**Directions for this task**
From the data below, please reproduce exactly everything from the line that contains "Фото Super Hotel Kyoto Shijokawaramachi" down to the line that contains "2018 Honda FIT Sport", with both ends included.

**Exercise data**
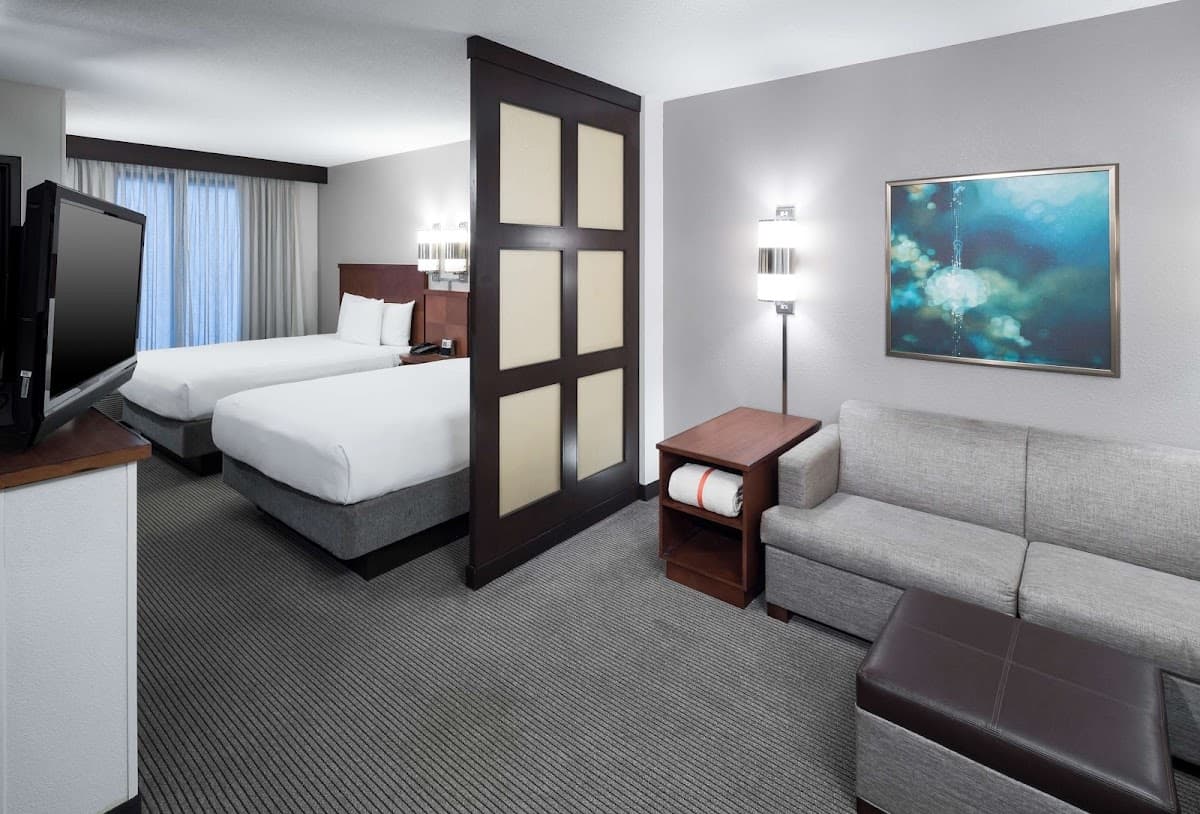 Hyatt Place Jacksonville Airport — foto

==

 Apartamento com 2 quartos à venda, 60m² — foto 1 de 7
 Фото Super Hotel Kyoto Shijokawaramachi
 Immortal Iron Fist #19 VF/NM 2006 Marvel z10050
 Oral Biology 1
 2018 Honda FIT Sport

...

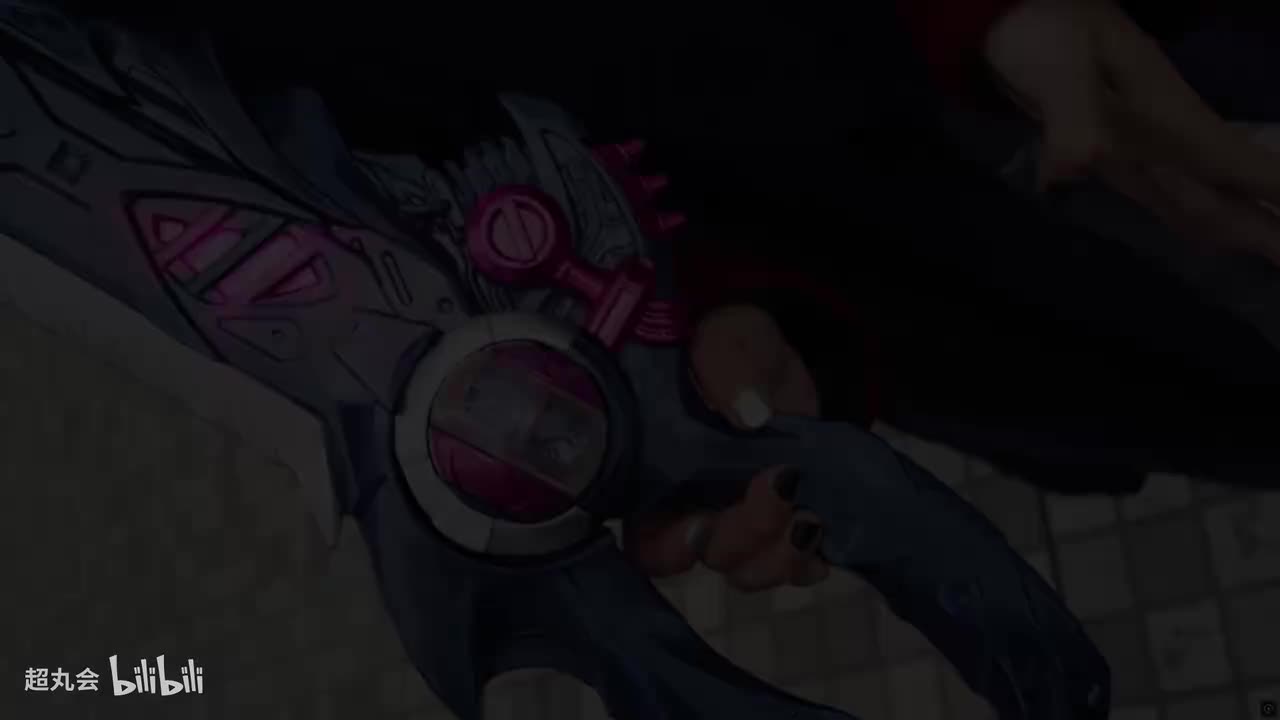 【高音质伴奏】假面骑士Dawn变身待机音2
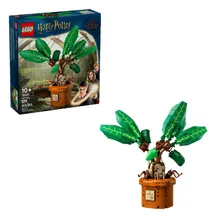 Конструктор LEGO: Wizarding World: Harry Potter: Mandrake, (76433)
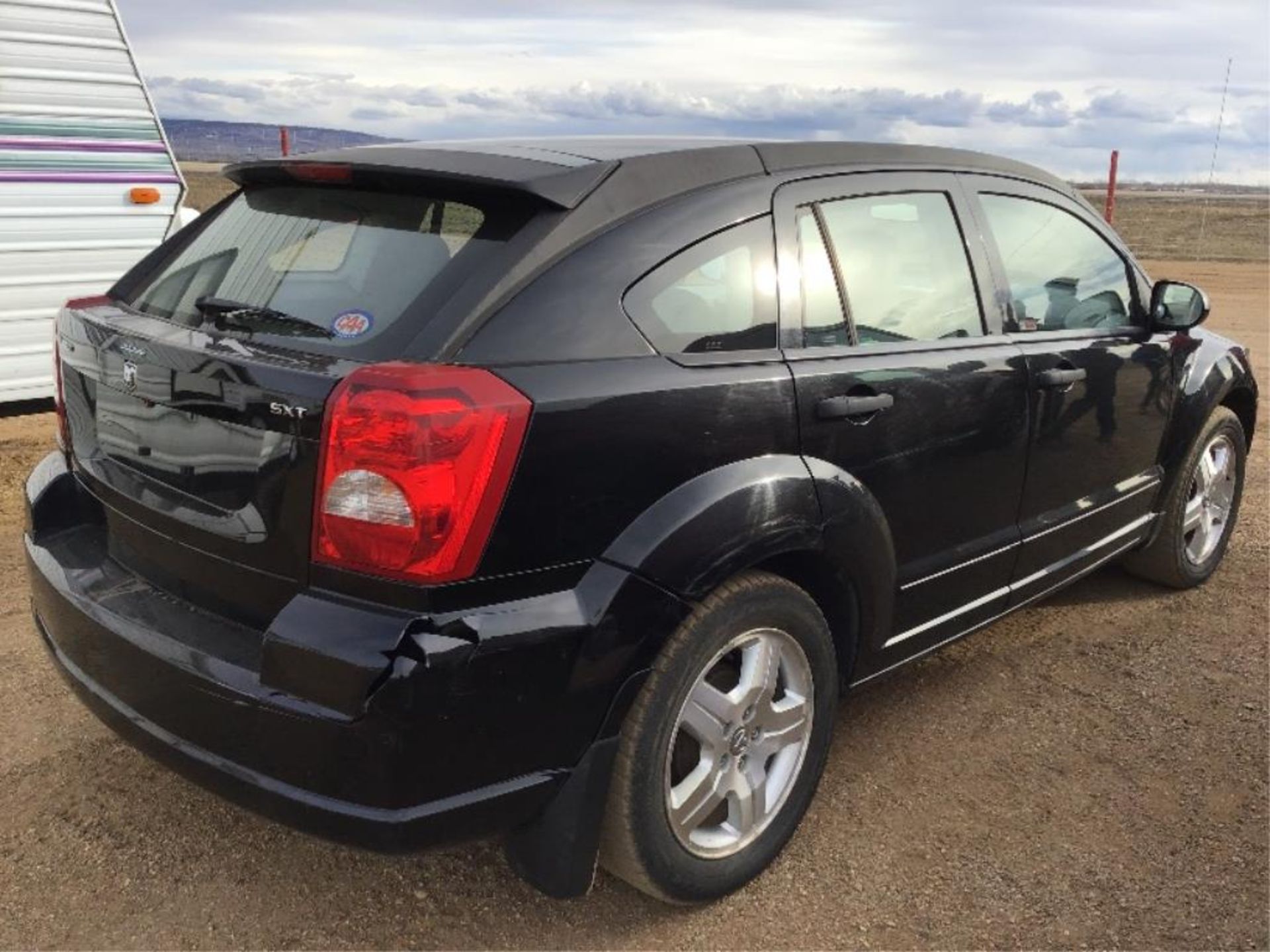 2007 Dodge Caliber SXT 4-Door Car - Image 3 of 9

**Answer to the problem**
 Фото Super Hotel Kyoto Shijokawaramachi
 Immortal Iron Fist #19 VF/NM 2006 Marvel z10050
 Oral Biology 1
 2018 Honda FIT Sport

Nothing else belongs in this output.